--- Task input Enclosed Below ---

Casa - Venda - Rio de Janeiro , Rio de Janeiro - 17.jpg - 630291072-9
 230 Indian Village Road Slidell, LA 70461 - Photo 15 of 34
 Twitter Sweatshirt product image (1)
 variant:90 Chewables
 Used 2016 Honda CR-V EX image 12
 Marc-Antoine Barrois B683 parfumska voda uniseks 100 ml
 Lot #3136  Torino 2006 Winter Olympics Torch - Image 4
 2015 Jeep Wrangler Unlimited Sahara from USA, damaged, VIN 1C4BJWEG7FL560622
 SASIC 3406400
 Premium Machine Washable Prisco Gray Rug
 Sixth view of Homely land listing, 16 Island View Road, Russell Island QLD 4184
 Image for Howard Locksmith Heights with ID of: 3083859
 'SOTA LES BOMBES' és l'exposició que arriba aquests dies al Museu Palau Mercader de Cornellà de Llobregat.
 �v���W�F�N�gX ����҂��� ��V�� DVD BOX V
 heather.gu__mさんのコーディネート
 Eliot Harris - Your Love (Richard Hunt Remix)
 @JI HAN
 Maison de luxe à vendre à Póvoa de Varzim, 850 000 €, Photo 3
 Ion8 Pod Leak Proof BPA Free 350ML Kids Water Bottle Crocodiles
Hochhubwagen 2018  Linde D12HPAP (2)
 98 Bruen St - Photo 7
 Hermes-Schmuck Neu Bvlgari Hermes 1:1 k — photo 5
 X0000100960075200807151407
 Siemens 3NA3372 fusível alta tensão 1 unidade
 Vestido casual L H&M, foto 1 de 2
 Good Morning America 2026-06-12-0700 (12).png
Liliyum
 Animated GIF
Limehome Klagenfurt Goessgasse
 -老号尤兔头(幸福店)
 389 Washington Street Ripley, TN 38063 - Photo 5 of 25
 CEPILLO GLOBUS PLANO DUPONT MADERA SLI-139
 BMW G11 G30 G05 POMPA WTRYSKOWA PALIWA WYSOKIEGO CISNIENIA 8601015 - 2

--- End of Enclosed Task input ---

With the line containing "Limehome Klagenfurt Goessgasse" as the first, output each line through the final line of the entries above, exactly.

Limehome Klagenfurt Goessgasse
 -老号尤兔头(幸福店)
 389 Washington Street Ripley, TN 38063 - Photo 5 of 25
 CEPILLO GLOBUS PLANO DUPONT MADERA SLI-139
 BMW G11 G30 G05 POMPA WTRYSKOWA PALIWA WYSOKIEGO CISNIENIA 8601015 - 2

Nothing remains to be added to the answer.